# WORK TO BE COMPLETED
Your answer must be only the lines below from the one containing "Welcome back everyone, today" through the one containing "So hopefully you've", copied exactly, with the pictures left out.

[Collected data entries]
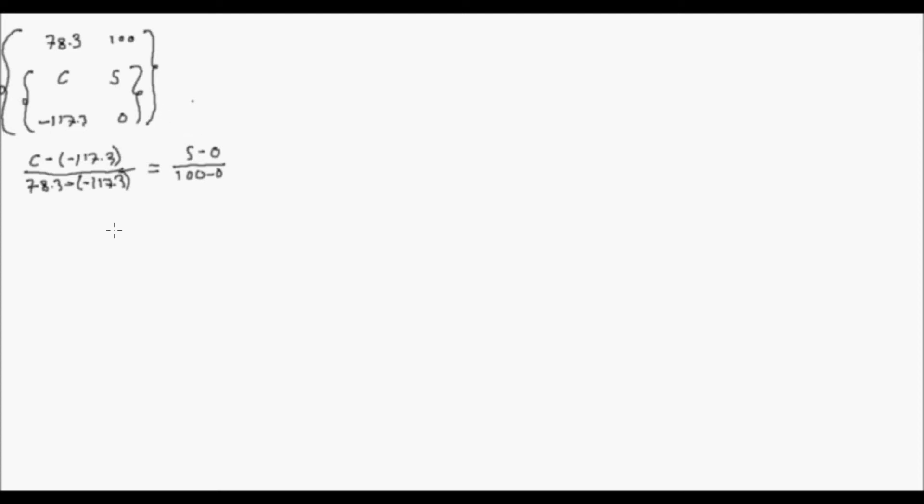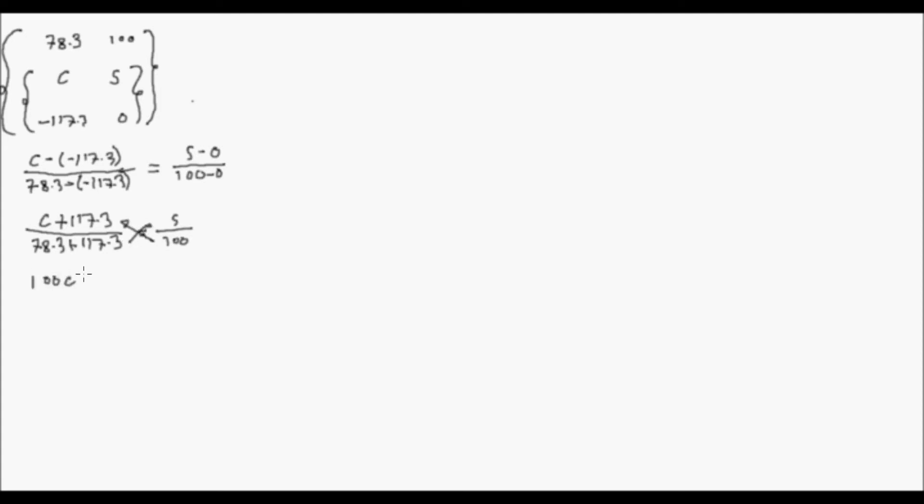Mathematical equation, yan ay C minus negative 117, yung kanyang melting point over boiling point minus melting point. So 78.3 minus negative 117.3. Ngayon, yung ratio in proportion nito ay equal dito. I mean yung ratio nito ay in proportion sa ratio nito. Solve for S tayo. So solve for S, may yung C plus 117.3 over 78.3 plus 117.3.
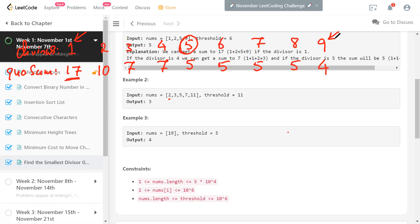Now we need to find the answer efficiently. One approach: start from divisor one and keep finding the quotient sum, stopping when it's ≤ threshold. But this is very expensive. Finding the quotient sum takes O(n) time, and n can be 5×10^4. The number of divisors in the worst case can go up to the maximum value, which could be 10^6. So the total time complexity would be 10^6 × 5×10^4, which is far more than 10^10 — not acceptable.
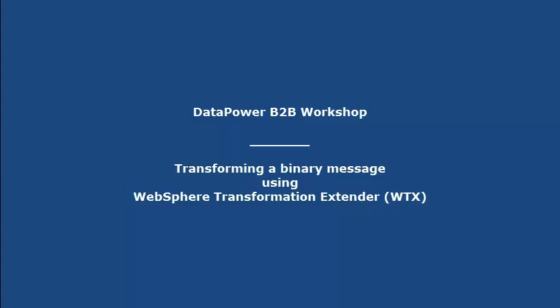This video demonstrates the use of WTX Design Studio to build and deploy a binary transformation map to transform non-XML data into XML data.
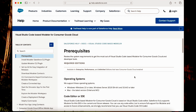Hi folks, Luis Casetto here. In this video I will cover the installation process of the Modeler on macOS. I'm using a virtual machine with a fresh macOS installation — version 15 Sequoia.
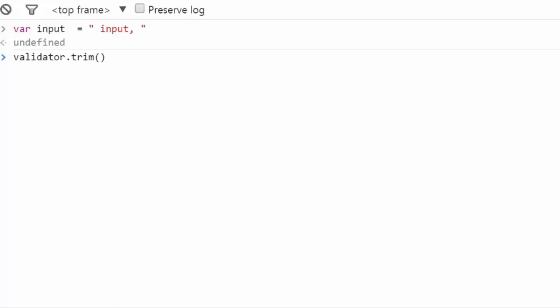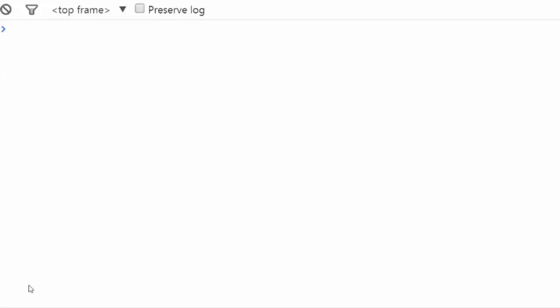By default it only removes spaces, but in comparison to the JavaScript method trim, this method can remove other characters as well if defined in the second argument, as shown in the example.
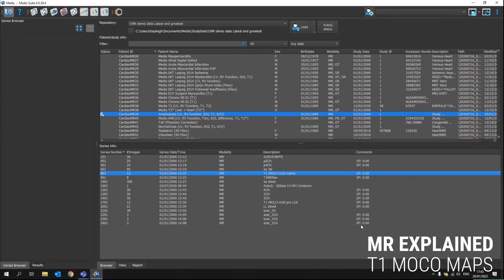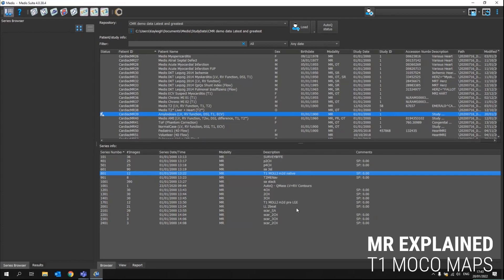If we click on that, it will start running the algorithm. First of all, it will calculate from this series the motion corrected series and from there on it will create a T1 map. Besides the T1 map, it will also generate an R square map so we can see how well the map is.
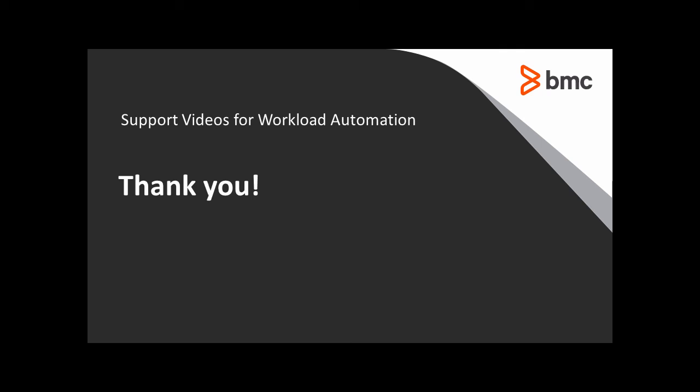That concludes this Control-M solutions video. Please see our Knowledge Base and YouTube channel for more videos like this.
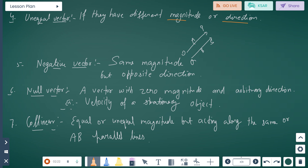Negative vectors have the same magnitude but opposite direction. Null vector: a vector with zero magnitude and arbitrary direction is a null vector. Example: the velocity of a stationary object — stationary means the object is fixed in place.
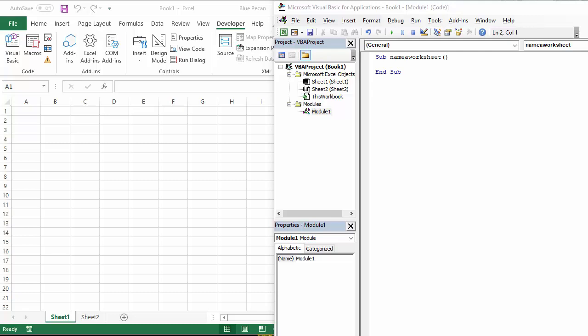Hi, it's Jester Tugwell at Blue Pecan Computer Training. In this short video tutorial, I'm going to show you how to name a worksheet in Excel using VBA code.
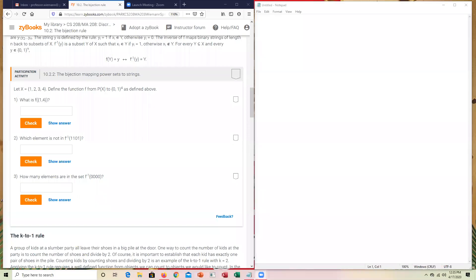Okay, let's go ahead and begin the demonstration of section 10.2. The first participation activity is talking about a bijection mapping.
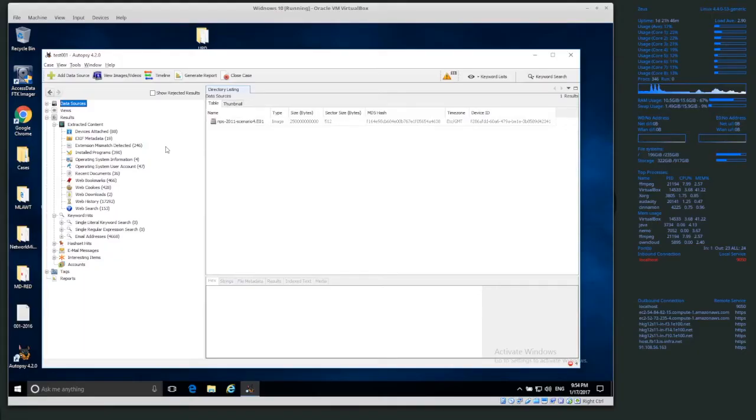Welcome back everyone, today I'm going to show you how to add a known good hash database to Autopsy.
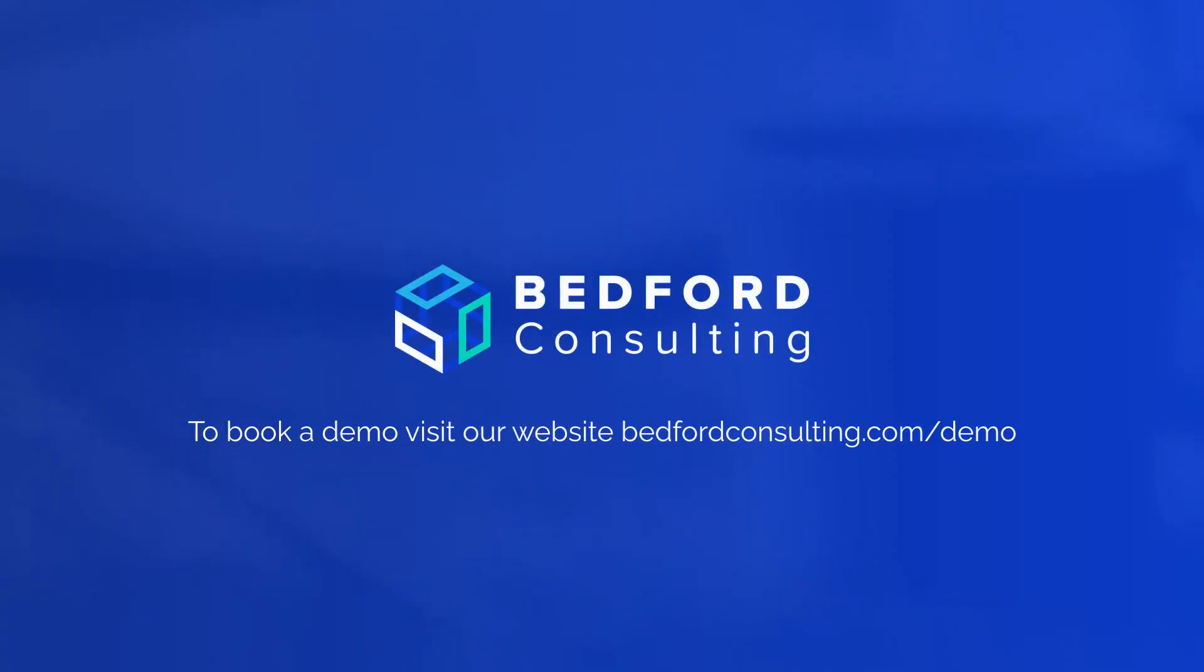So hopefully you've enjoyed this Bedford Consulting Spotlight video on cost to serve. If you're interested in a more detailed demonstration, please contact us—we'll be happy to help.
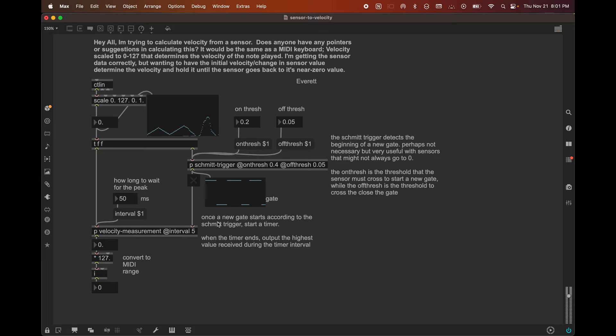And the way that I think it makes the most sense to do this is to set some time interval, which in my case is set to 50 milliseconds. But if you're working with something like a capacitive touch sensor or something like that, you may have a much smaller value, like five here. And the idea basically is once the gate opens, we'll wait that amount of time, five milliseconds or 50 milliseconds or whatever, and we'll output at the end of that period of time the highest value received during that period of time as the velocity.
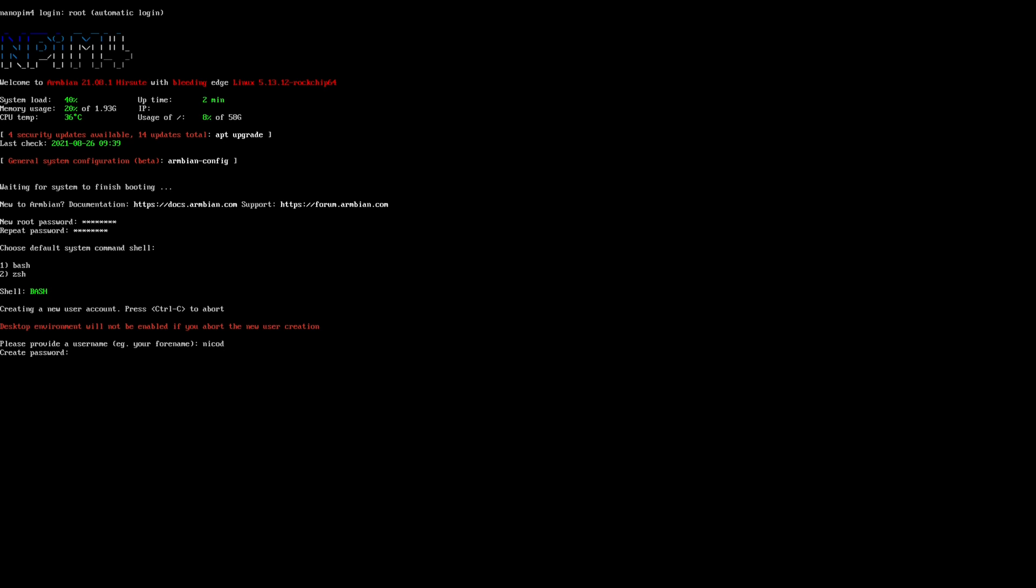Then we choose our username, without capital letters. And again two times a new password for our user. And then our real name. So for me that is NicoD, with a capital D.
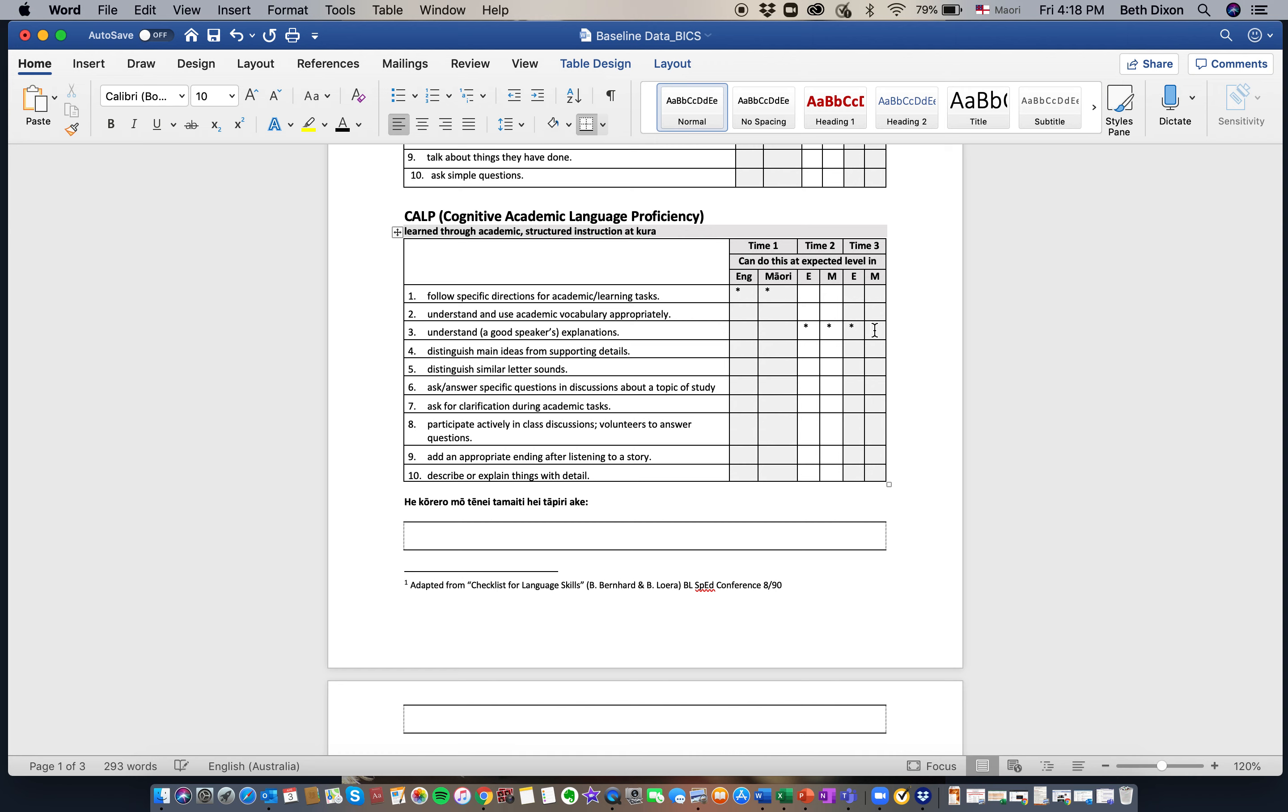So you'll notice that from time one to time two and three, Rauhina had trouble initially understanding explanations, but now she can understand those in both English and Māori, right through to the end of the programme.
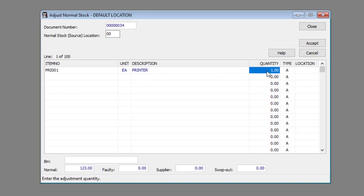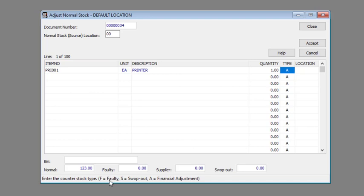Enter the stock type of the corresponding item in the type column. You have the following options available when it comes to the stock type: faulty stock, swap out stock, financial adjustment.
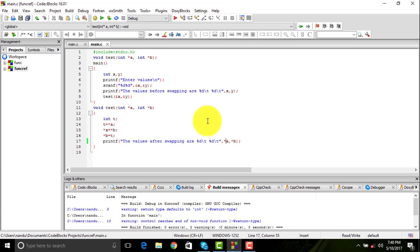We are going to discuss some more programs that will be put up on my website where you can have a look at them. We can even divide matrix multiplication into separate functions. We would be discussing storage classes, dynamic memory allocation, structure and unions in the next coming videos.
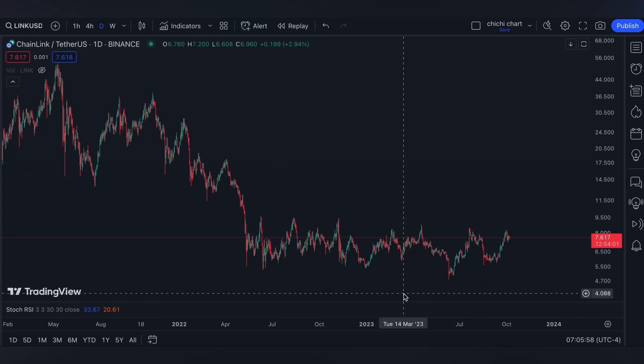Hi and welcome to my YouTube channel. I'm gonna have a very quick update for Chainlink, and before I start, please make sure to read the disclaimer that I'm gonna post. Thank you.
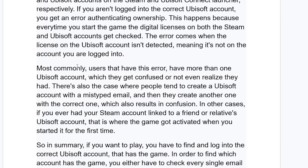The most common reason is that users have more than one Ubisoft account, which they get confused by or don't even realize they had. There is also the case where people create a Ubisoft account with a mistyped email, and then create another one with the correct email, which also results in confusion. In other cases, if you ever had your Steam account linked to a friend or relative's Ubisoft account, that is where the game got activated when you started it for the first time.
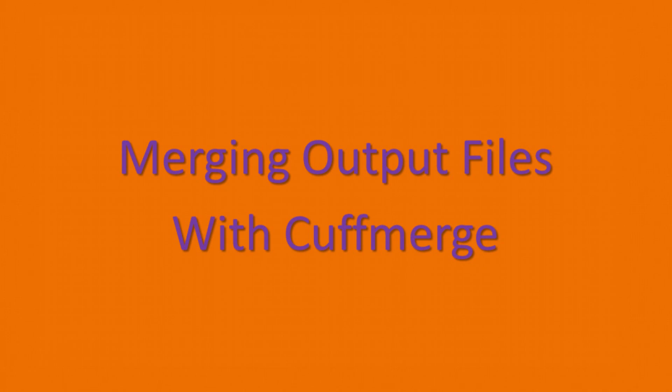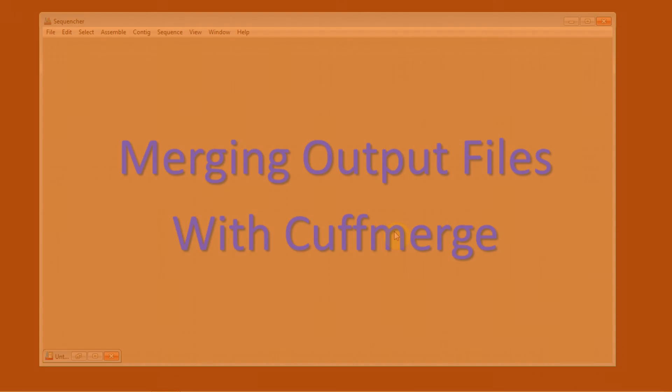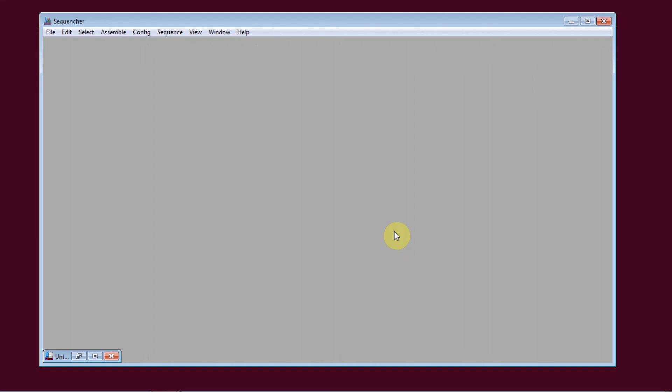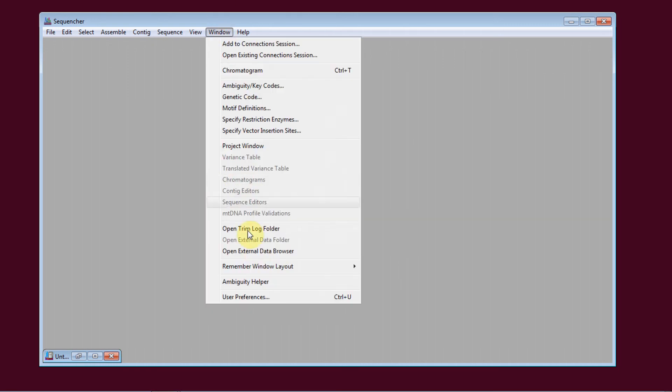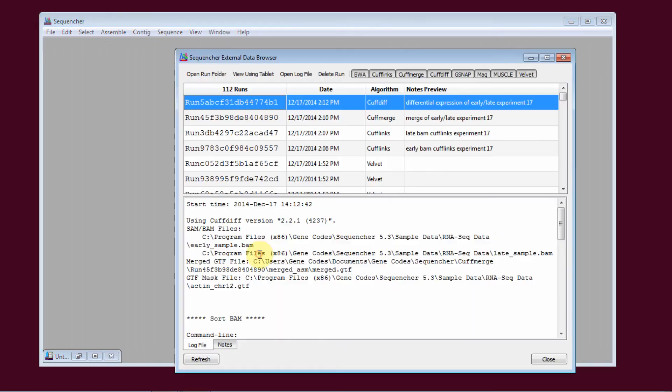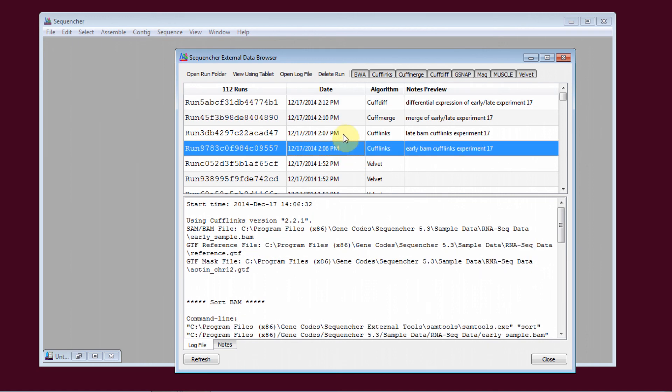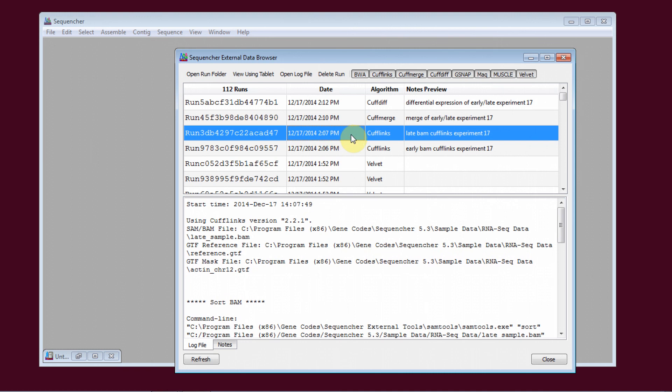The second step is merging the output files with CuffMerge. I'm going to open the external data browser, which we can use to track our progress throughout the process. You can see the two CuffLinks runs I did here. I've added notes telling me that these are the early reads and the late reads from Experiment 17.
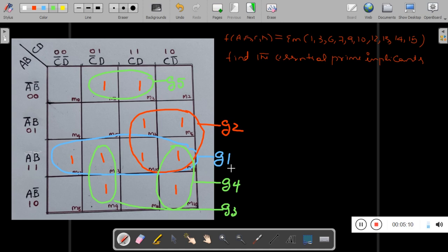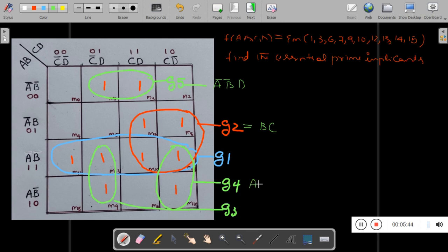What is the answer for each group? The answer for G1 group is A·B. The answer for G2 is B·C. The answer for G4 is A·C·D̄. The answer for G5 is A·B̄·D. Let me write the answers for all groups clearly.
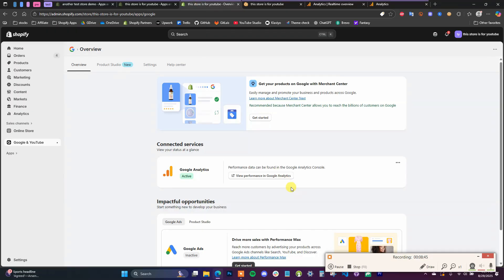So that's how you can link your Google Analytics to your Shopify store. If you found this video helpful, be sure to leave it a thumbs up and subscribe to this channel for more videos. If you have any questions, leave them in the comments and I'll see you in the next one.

# RESULT OF THE EXERCISE
Welcome back everyone, today I'm going to show you how to add a known good hash database to Autopsy.
So hopefully you've enjoyed this Bedford Consulting Spotlight video on cost to serve. If you're interested in a more detailed demonstration, please contact us—we'll be happy to help.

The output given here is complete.